According to moderators I did not cycle the used tank I just filled it up with water and let it go at that. No live plants only plastic, over feed the 11 fish in the 55 gal aquarium and many other cardinal sins according to what I have read here at this site. I don’t experience many fish deaths nor do they appear to be stressed.

I see myself as muddling toward some semblance of tropical fish keeping. In this muddling process I have done everything wrong as laid down by those from the house of knowledge. It’s only natural for a muddled fish keeper to expect the worst of the gloom and doom predictions.

Pop
 
#47 ·
Hello Byron:
I have been gone for about two weeks and left two week long feeders in the tank and have not changed the water for about three weeks.
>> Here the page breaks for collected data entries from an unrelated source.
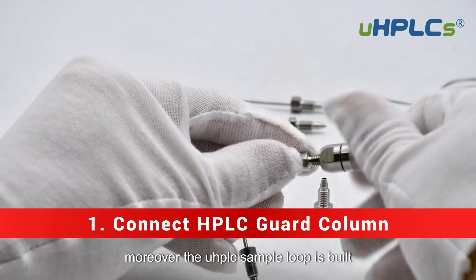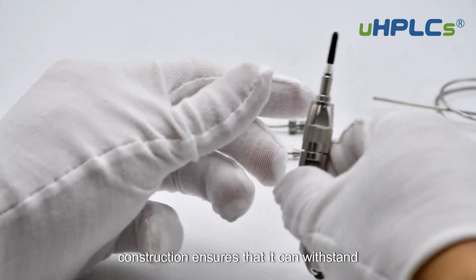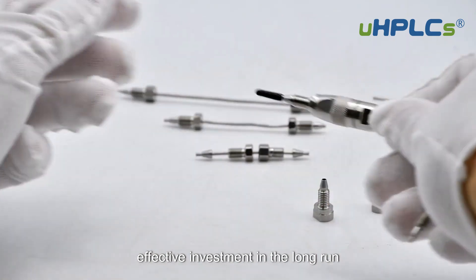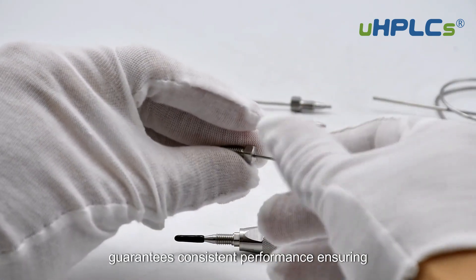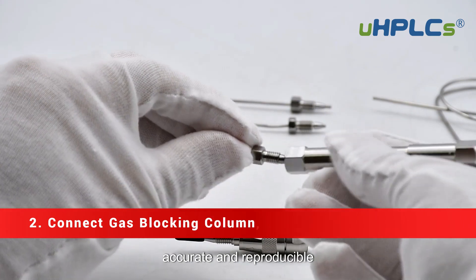Moreover, the UHPLC Sample Loop is built with durability and reliability in mind. Its robust construction ensures that it can withstand the rigours of daily use, making it a cost-effective investment in the long run. The precision engineering of the loop guarantees consistent performance, ensuring that your chromatographic analyses are accurate and reproducible.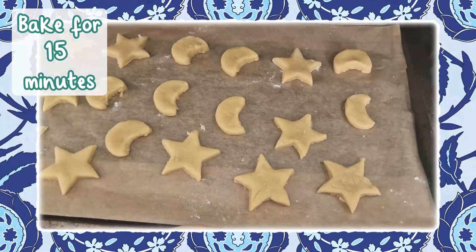It's as simple as that! These biscuits make a tasty treat to share with family and friends, especially if you're celebrating Eid. It's also a great way for children to be involved in the preparations for any celebrations. This recipe is available to download from the Twinkle website now, so what are you waiting for? Head over there to get started straight away. See you soon!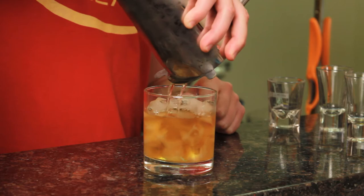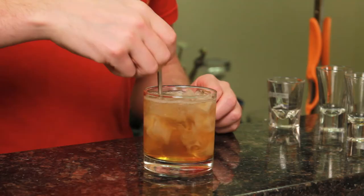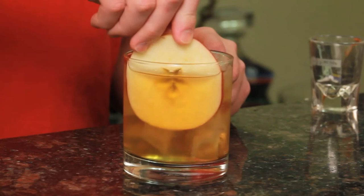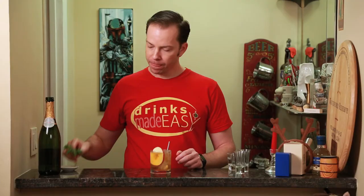Pour into the bucket of your choice, filled with ice. Top that off with about two ounces of champagne or sparkling wine. Give it a quick stir. Garnish with a wheel of apple and a sprig of mint.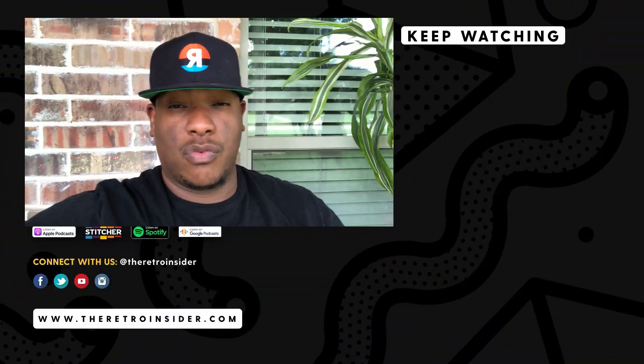If you want to learn more about how I was able to get my hands on this sneaker, go ahead and check out the Retro Insider podcast show, which I'll throw a link to in the description. It's streaming everywhere, and you don't want to miss it.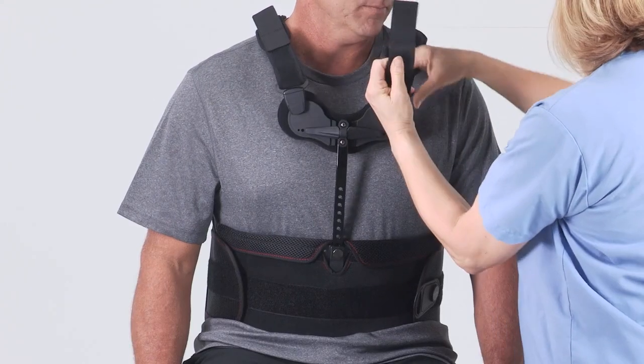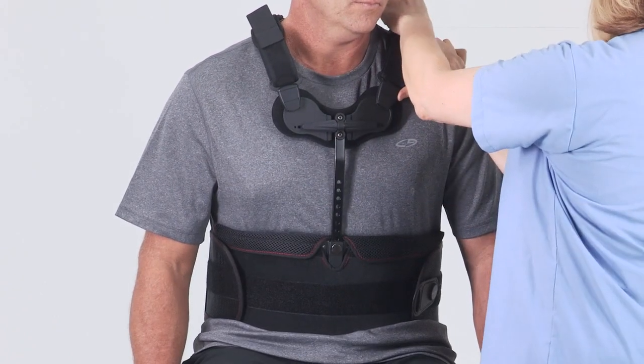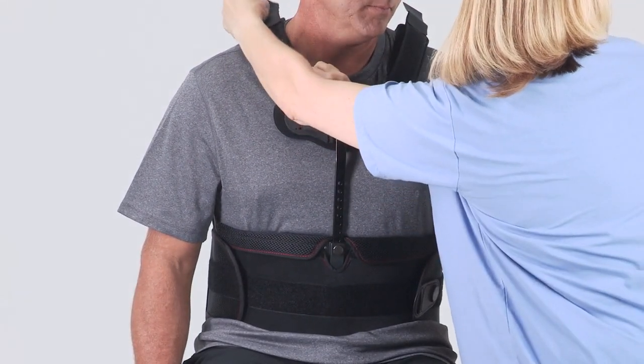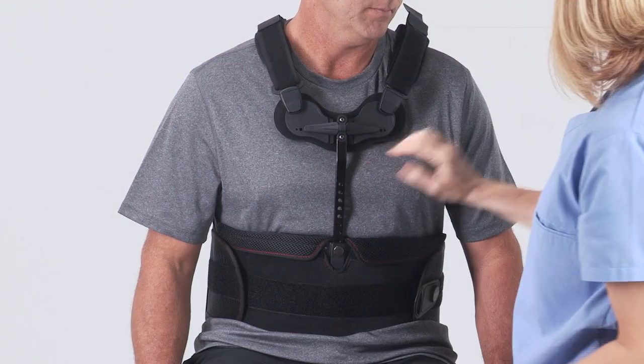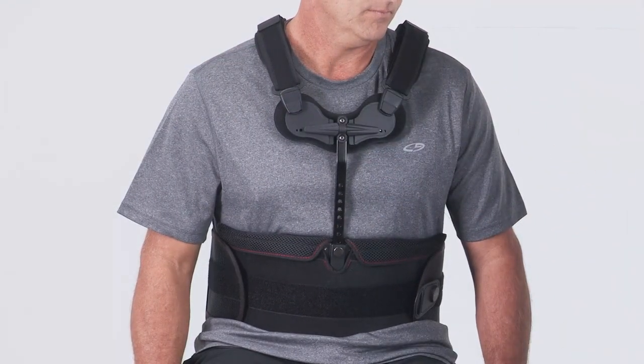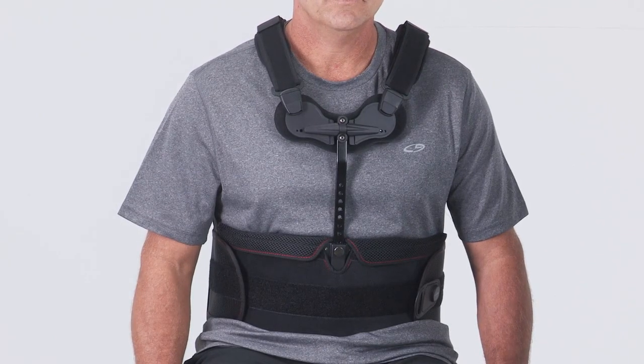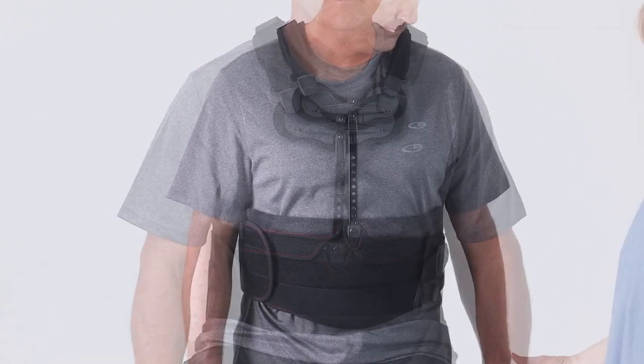Adjust the shoulder straps. Start by releasing and adjusting the back Velcro straps first and then adjust the front Velcro straps. Be sure to maintain the bottom edge of the front panel with the pubic bone and the back panel between shoulder blades and lower back.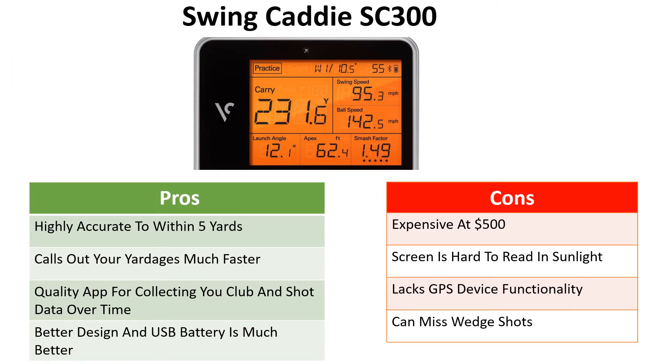Advantages of the SC300: it's still highly accurate within five yards, it calls out yardages and gives data much quicker, it connects to your phone via Bluetooth and passes data to the app almost immediately. Building up your data over time lets you see how much you're improving, and the USB rechargeable battery is a much better design than the SC200. The cons: it's expensive at $500, the screen is hard to read in sunlight, it lacks the GPS functionality of something like the Garmin G80, and it can miss some wedge shots.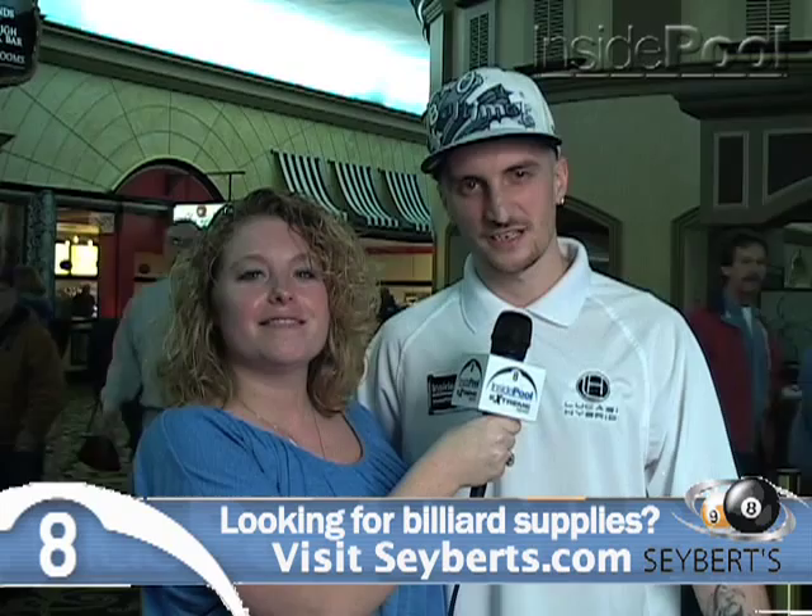Hi, I'm Megan Black with Inside Pool Extreme News. This is our feature, What's in the Case? I am here with Sean Getzum-Wilke. Welcome, Sean. Tell me a little bit about yourself.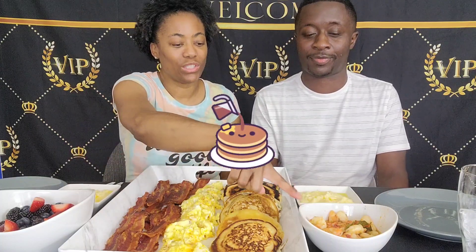We have some mixed berries. Do you eat mixed berries? We have some mixed berries, we have some grits, we have some bacon, some egg, and some pancake with some shrimp to go on top of our grits.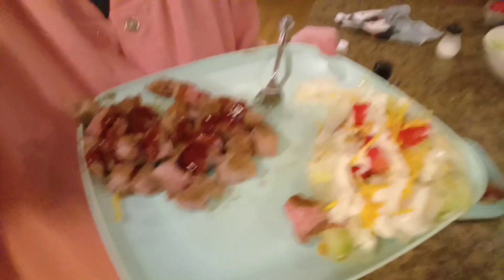It looks good, it smells good, it tastes good. Every now and then you just got to splurge a little. Yes ma'am. Get your greens in there. I mean, that's good. That's delicious.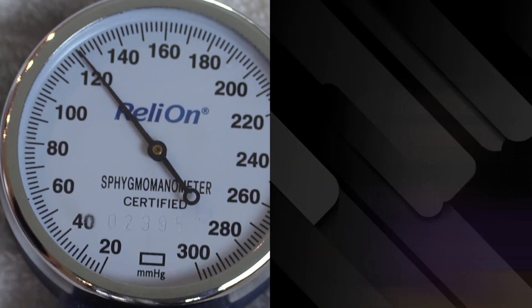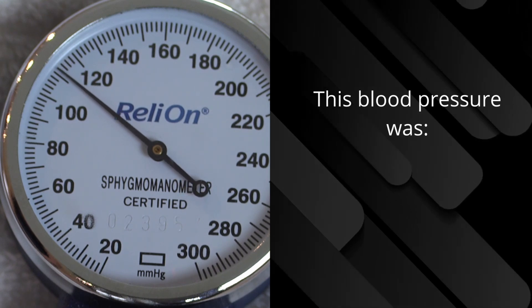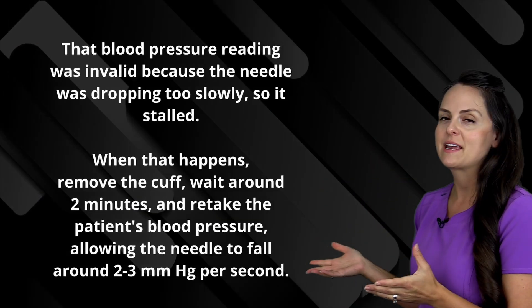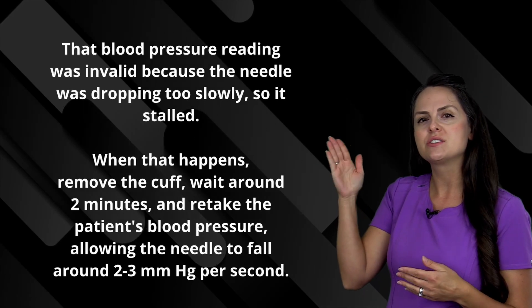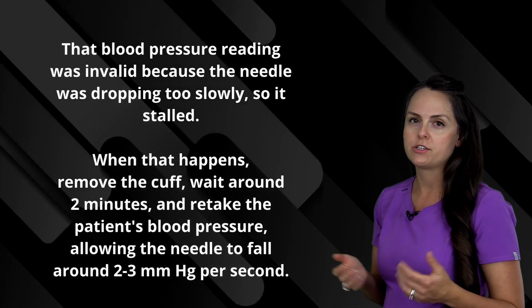Here's another blood pressure. In this blood pressure reading example, the air was not released fast enough. What happened is that the needle sort of just stalled and was just bouncing. Therefore, you would just want to retake this blood pressure in about one to two minutes.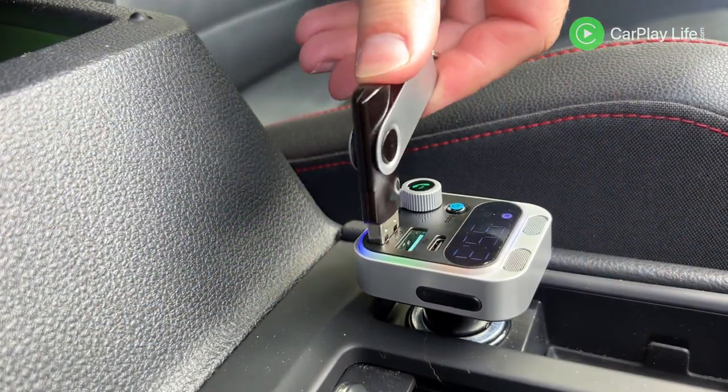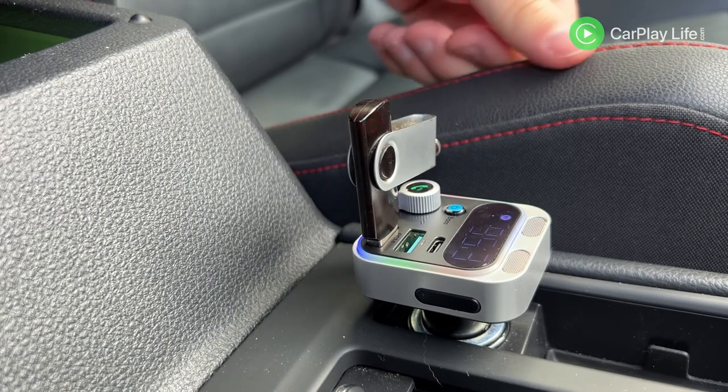Plugging in a USB drive full of music and videos, the transmitter is meant to load its content and begin to play it back over your car speakers. The next and back buttons also use this method of media playback to navigate it. Unfortunately, I couldn't get this transmitter to work with my USB media. I tried different music file formats, placing the music in folders as well as the root directory of the USB drive, and formatted with both a Mac and PC. I still couldn't get the USB media to play back through the transmitter.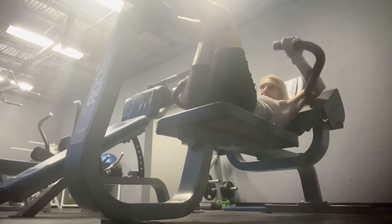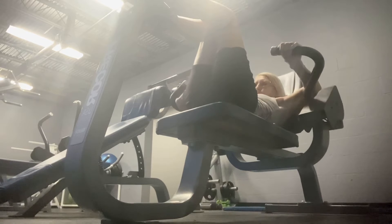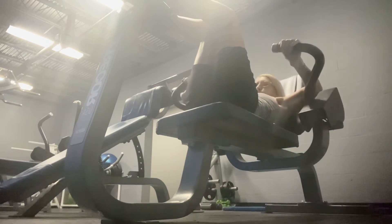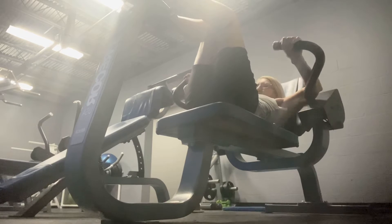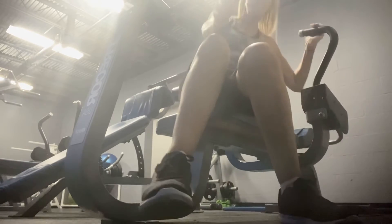Here we go. This is the machine I have been using all week — the crunch machine. The first day I started out with 100, and yesterday I managed 400. The pull downs are right at the front, so it doesn't affect my shoulder.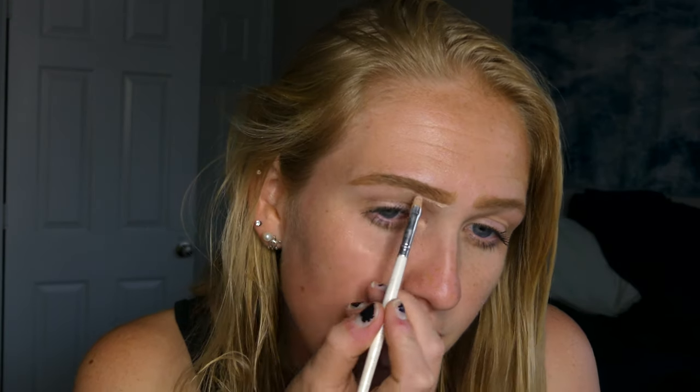Even though I already have my eyebrows on, I'm going to be doing them anyway. I have my Milani Soft Brown Stay Put Brow Color in the shade Soft Brown, and my ABH brush — I'm just going to go ahead and fill these in even more. Then I'm going to be cutting my brows with my Tarte Shape Tape in shade Light. Moving on to primer, I'm going to prime my eyes with my Morphe Eyelid Primer.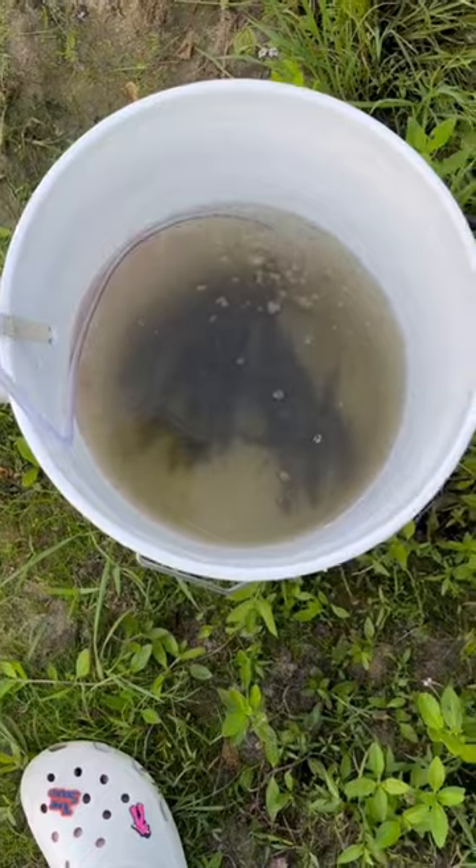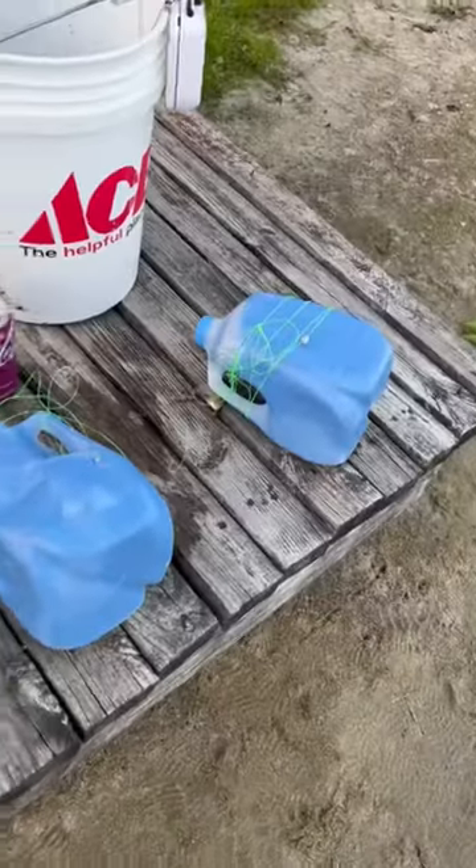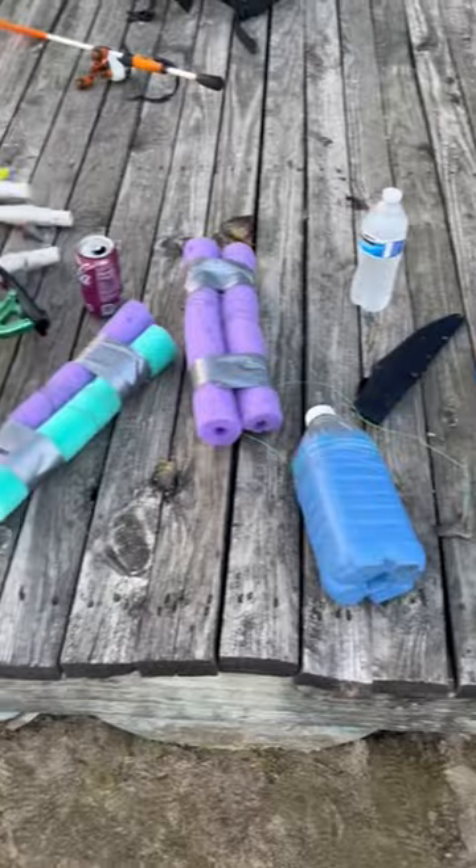Before we knew it, we had a bucket full of sunfish, so we got those cut up and it was time to add them to the jugs and lines. And just like that, we were set with all the different jugs and noodles to go throw on the water.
According to moderators I did not cycle the used tank I just filled it up with water and let it go at that. No live plants only plastic, over feed the 11 fish in the 55 gal aquarium and many other cardinal sins according to what I have read here at this site. I don’t experience many fish deaths nor do they appear to be stressed.

I see myself as muddling toward some semblance of tropical fish keeping. In this muddling process I have done everything wrong as laid down by those from the house of knowledge. It’s only natural for a muddled fish keeper to expect the worst of the gloom and doom predictions.

Pop

Pink Floyd,,"Their lip's move ,but we can't hear what they say"
Speak's also of the fishes, and those who must find their own way.